LM Studio
Download and run LM Studio models locally and expose them via a public API
LM Studio is a desktop application that lets you run open-source LLMs locally on your machine. Combined with Clarifai's Local Runners, you can serve LM Studio models from your machine, expose them via a public API, and access them through the Clarifai platform — all while keeping the speed, privacy, and control of local inference.
Important: Clarifai's LM Studio integration currently supports macOS only (Apple devices). For other platforms, consider using Ollama or vLLM instead.
Step 1: Install Prerequisites
Install LM Studio
Go to the LM Studio website and install the desktop application for macOS.
After installing, enable the lms CLI tool so Clarifai can detect your models:
~/.lmstudio/bin/lms bootstrap
Restart your terminal, then verify with lms --version.
Keep LM Studio open and running before starting the local runner — it provides the model runtime that Clarifai connects to.
Install Clarifai
- Bash
pip install --upgrade clarifai
Note: Python 3.11 or 3.12 is required. The
openaipackage is included withclarifai.
Step 2: Log In
- CLI
clarifai login
You'll be prompted for your user ID and PAT. This saves your credentials locally so you don't need to set environment variables manually.
Example Output
clarifai login
Enter your Clarifai user ID: alfrick
> To authenticate, you'll need a Personal Access Token (PAT).
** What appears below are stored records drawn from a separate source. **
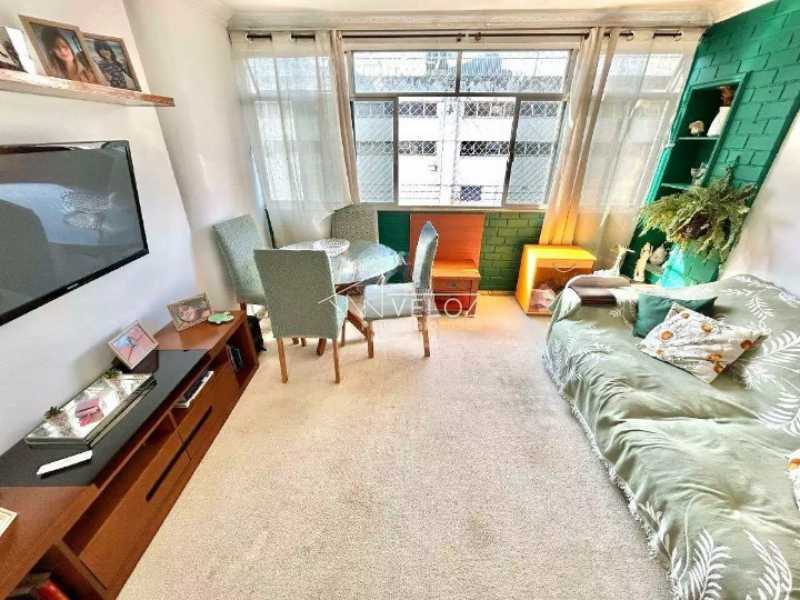 Apartamento em Leblon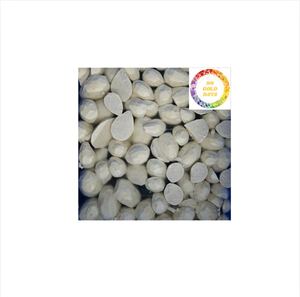 Cubes de taro congelés IQF de haute qualité du Vietnam-pelés, coupés et emballés pour l'exportation, fournisseur certifié HACCP et ISO - Product Image 6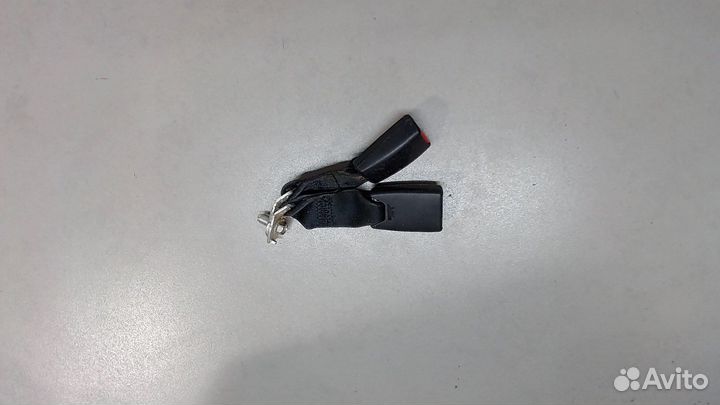 Замок ремня безопасности Mazda 3 (BL), 2010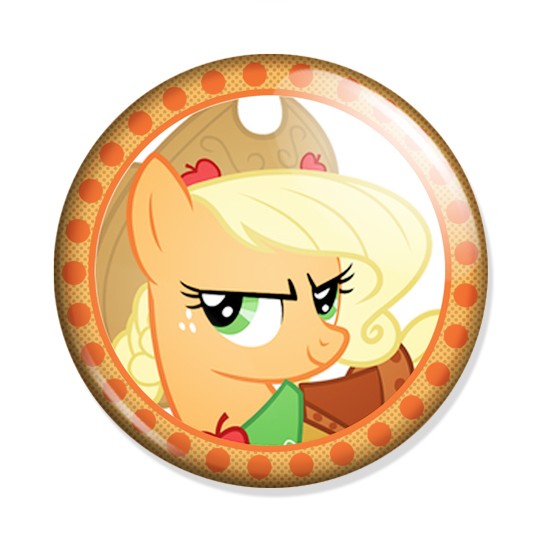 ���������� ������� ������ My Little Pony Applejack face �� ����� � ����� ��� ��������� ����: ������-��� ���� / My Little Pony: Friendship Is Magic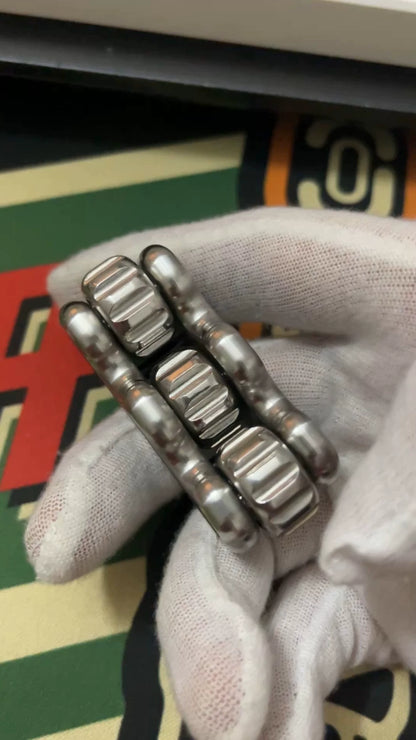 Gallop Stainless Steel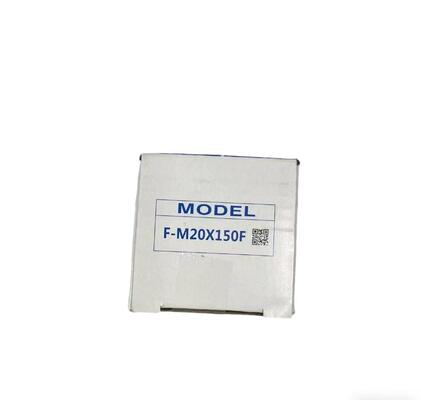 اتصال پنوماتیک نر مستقیم AirTAC F-M20X150F با دقت بالا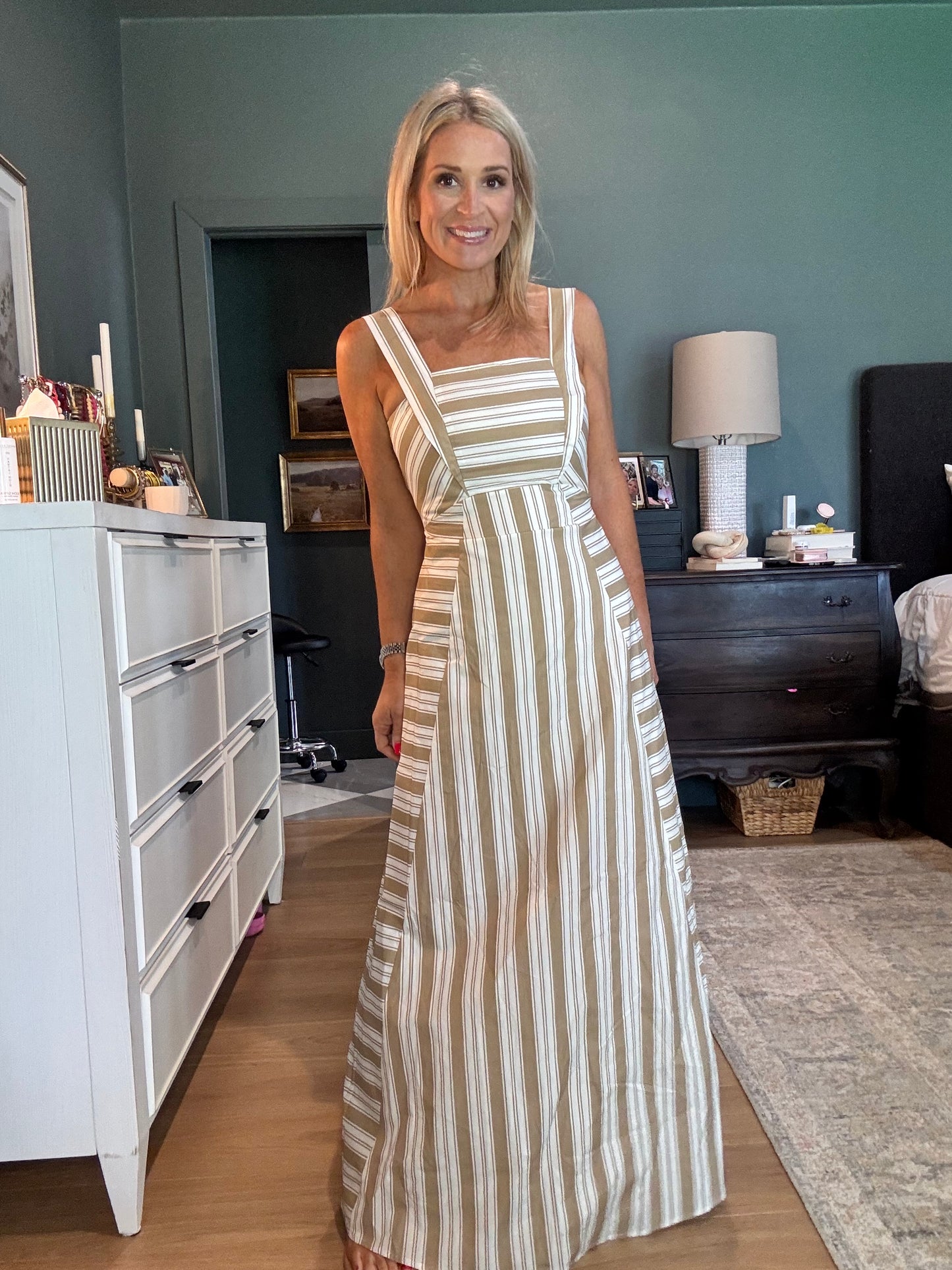 Mary Glenn Maxi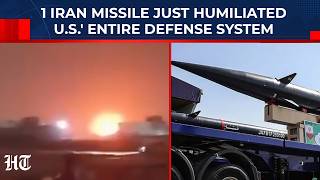 Download lagu Ras Laffan in Flames: Iran Unleashes Terminal-Phase MARV Monster That Patriots Couldn’t Stop mp3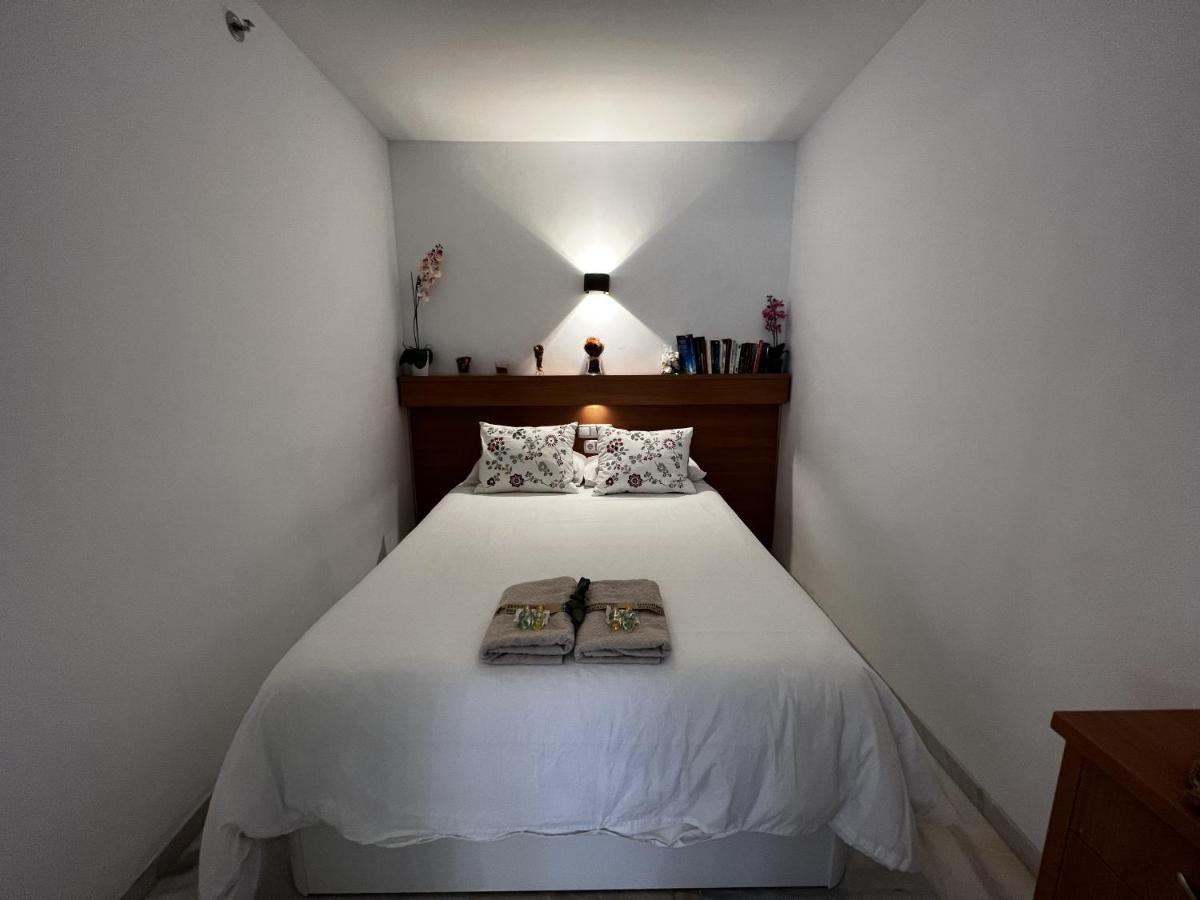 797 Rentals- En Sunset Frente Al Mar * Benalmadena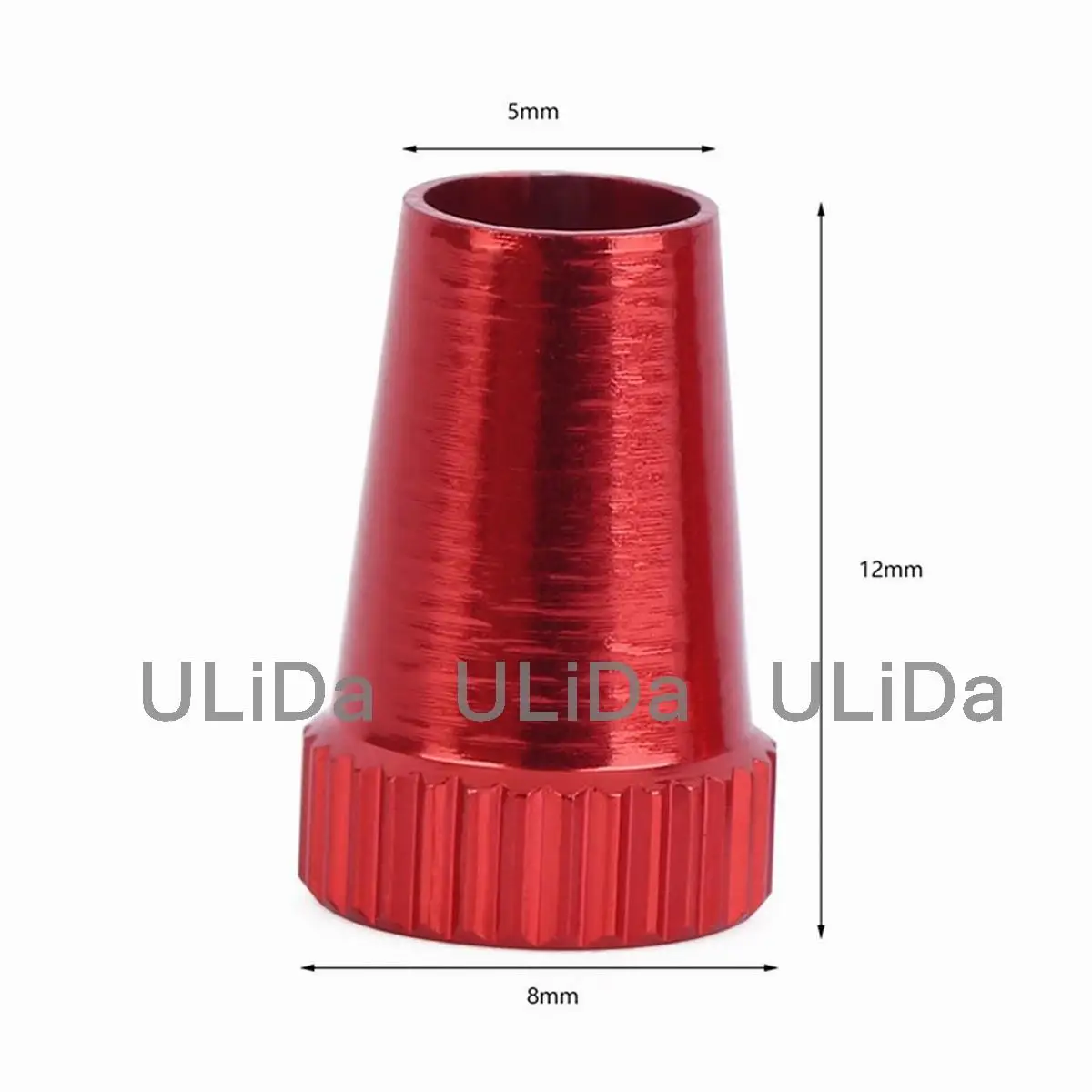 RC DJI Phantom 3 Inspire 1 Remote Control Rocker Stand CNC6061 Aluminum Parts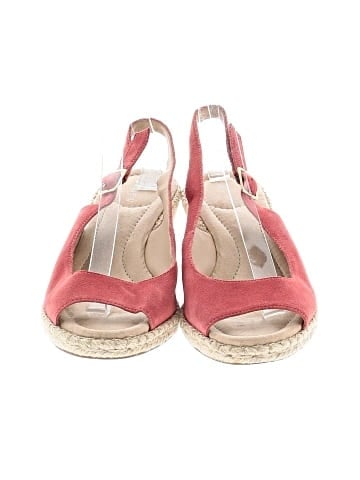 Lands' End Wedges (view 2)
> You can create one from your account settings: https://clarifai.com/alfrick/settings/security
Enter your Personal Access Token (PAT) value (or type "ENVVAR" to use an environment variable): ENVVAR
> Verifying token...
[INFO] 09:38:03.867057 Validating the Context Credentials... | thread=8309383360
[INFO] 09:38:05.176881 ✅ Context is valid | thread=8309383360
> Let's save these credentials to a new context.
> You can have multiple contexts to easily switch between accounts or projects.
Enter a name for this context [default]:
✅ Success! You are now logged in.
Credentials saved to the 'default' context.
💡 To switch contexts later, use `clarifai config use-context <name>`.
[INFO] 09:38:10.706639 Login successful for user 'alfrick' in context 'default' | thread=8309383360
Step 3: Initialize a Model
Scaffold a model project using any model from the LM Studio Model Catalog:
- CLI
clarifai model init --toolkit lmstudio --model-name google/gemma-3-4b
The CLI auto-detects LM Studio models already downloaded on your machine. Change --model-name to any other model from the catalog.
Example Output
clarifai model init --toolkit lmstudio
[INFO] Initializing model with lmstudio toolkit...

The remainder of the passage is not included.